1. It had been a while since you tackled a traditional western in some time. What made you want to tackle this?

I often think in terms of Western stories, and am nearly always looking for an opportunity to write one, or something related to a Western. In many ways, the Hap and Leonard novels are Westerns, modern Westerns. Some show these roots more than others. But ruling out the horror westerns I've written, which are less a traditional style Western, I've written a couple of traditional Westerns. One was under a pen name, the other was supposed to be, but was published in small numbers by a small press. But the ones I think of as Westerns, as well as Historicals, are The Magic Wagon, and though it suggest some fantasy elements, that could well be in how Buster, the narrator views things, not how they really are, and then there's THE THICKET, and PARADISE SKY, the latter being the favorite of all my books. I've also written a novella, BLACK HAT JACK, which I'm fond of, and a couple of short stories, all of them about Nat Love. So the bug is there. I find few Western novels I truly like, though in the seventies I read them by the ton, trying to learn about the field. As well as historical non-fiction about the West.

2, What does the genre allow you to do as a writer?

I think any genre can allow you to do most anything, if you decide to do it. I like getting away from cell phones and computers and a lot of modern sensibilities. I'm not a luddite, nor do I hate the present, but it's a nice vacation. Also, my personal voice, is very close to that of an older time. This is partly due to being raised by older parents, being around older relatives, and where I grew up. When I was young, I only read a few Western novels and stories, Brett Harte, Jack London, Mark Twain, Max Brand, this and that. I preferred the movies then, and though I love London and Twain, even when they wrote Western material, it had a unique sensibility. The first Western I read that made me thing I might want to write them was SLIPHAMMER, by Brian Garfield. It was the forerunner of the Adult Westerns, meaning those with sex in them, but it was a great story about Wyatt Earp, and a very different take. It isn't a favorite of mine, but it showed me that Westerns could go all manner of places.

3. What did you want to pull from the original Deadwood Dick legend and history?

I wanted primarily to show that blacks in the West had contributed greatly. They had been heroes, scoundrels, marshals, murderers, soldiers and so on, just like a lot of white frontier folk. In other words, they did what a lot of folks did. There positive achievements were pretty much overlooked. I had wanted to write the novel for thirty years, had researched the black experience in the West for thirty years, so I was primed to write it.

4. Race and prejudice often plays an important part in your work.
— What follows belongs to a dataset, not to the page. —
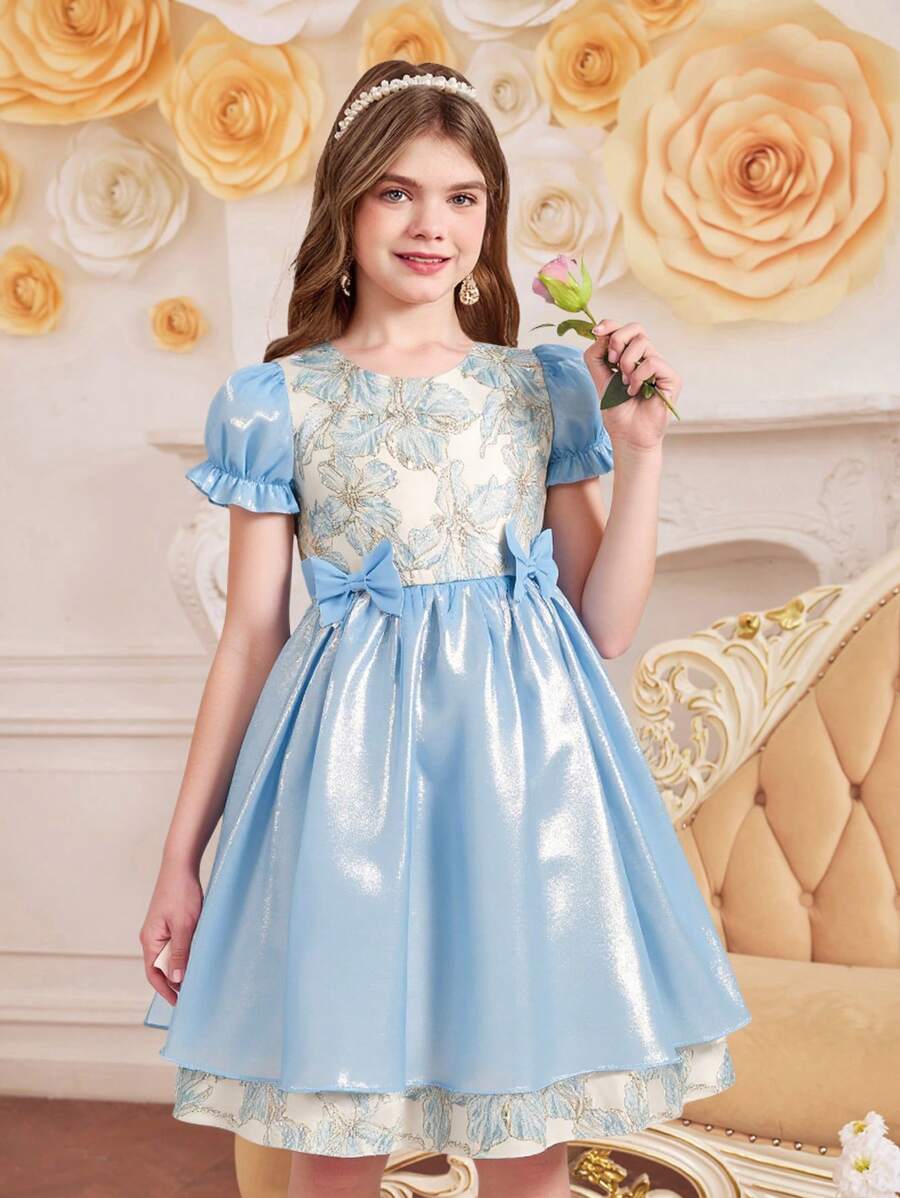 SHEIN Tween 女童优雅 3D 纹理花卉和蝴蝶结装饰泡泡袖缎面 A 字公主裙,适合春夏季派对 - 藍色 - 查看 1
What aspect of the subject did you want to delve into about it in Paradise Sky?

I wanted to show that, unlike what the movies would lead you to believe, there were black cowboys, soldiers, etc. They participated in the construct of this country, both good and bad, just like every one else. I blended a lot of different black characters into my version of Nat Love, using primarily the original Nat's attitude in his memoir, which is partly truth, and partly Dime Novel, like pretty much all of the books written then about Western characters. Dime Novels are the basis of what we believe to be the West. It was never like that, but I wanted to blend reality with a Dime Novel attitude.

5. When the book was released a couple years ago, it was one of your most critically acclaimed. What do you think caused that?

I have no idea. I know I had a passion to write it. I think that's true of my books in general, but I had a marvelous time writing this one, and I think my desire, the authenticity of the basic experience of blacks in the West, my enthusiasm for that, came through. 6. What are some western novels you love? THE SHOOTIST, THE HOMESMAN by Glendon Swarthout. TRUE GRIT, Charles Portis. WILD TIMES, Brian Garfield. LITTLE BIG MAN, Thomas Berger. THE SEARCHERS, Alan Lemay. THE TIME IT NEVER RAINED, Elmer Kelton. I could go on and on, actually. I have a hard time enjoying standard Westerns, but there are unique ones, and when I find those, I adore them. There are more than most people think. But it's best I stop here, or I'll miss lunch.